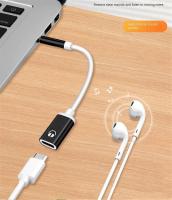 3,5mm macho a type C Cable de cable de audio hembra, audio analógico Jack auriculares adaptador de audio para MP3 reproductor portátil - details 1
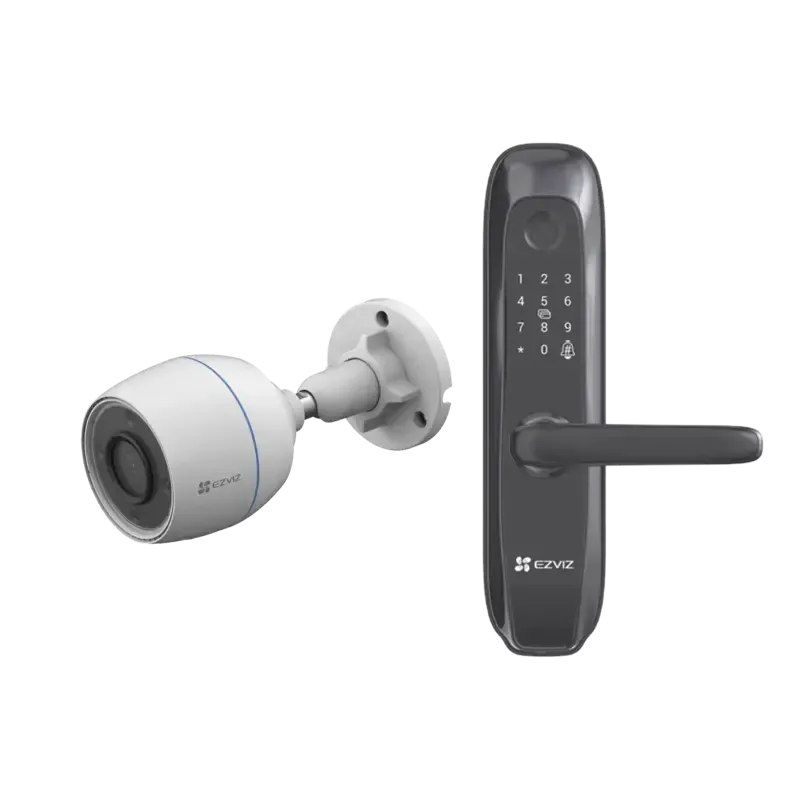 Kit de Cerradura Inteligente con Cámara IP Wi-Fi m Kit de Cerradura Inteligente con Cámara IP Wi-Fi m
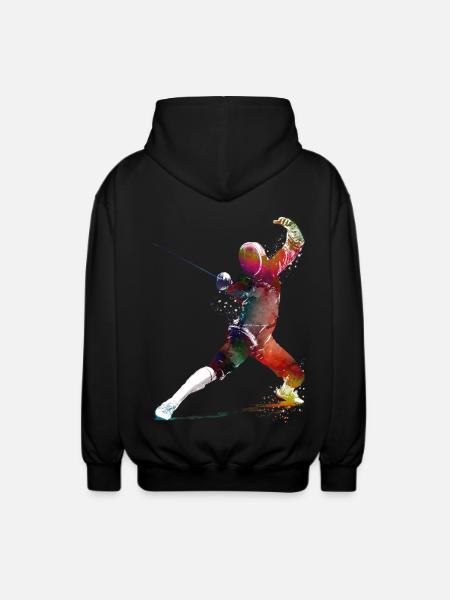 Fechtsportkunst #fencing #sport - Unisex Kapuzenjacke - Schwarz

______

== Problem ==
Please print the data above once more, exactly and without images.

== Solution ==
 3,5mm macho a type C Cable de cable de audio hembra, audio analógico Jack auriculares adaptador de audio para MP3 reproductor portátil - details 1
 Kit de Cerradura Inteligente con Cámara IP Wi-Fi m Kit de Cerradura Inteligente con Cámara IP Wi-Fi m
 Fechtsportkunst #fencing #sport - Unisex Kapuzenjacke - Schwarz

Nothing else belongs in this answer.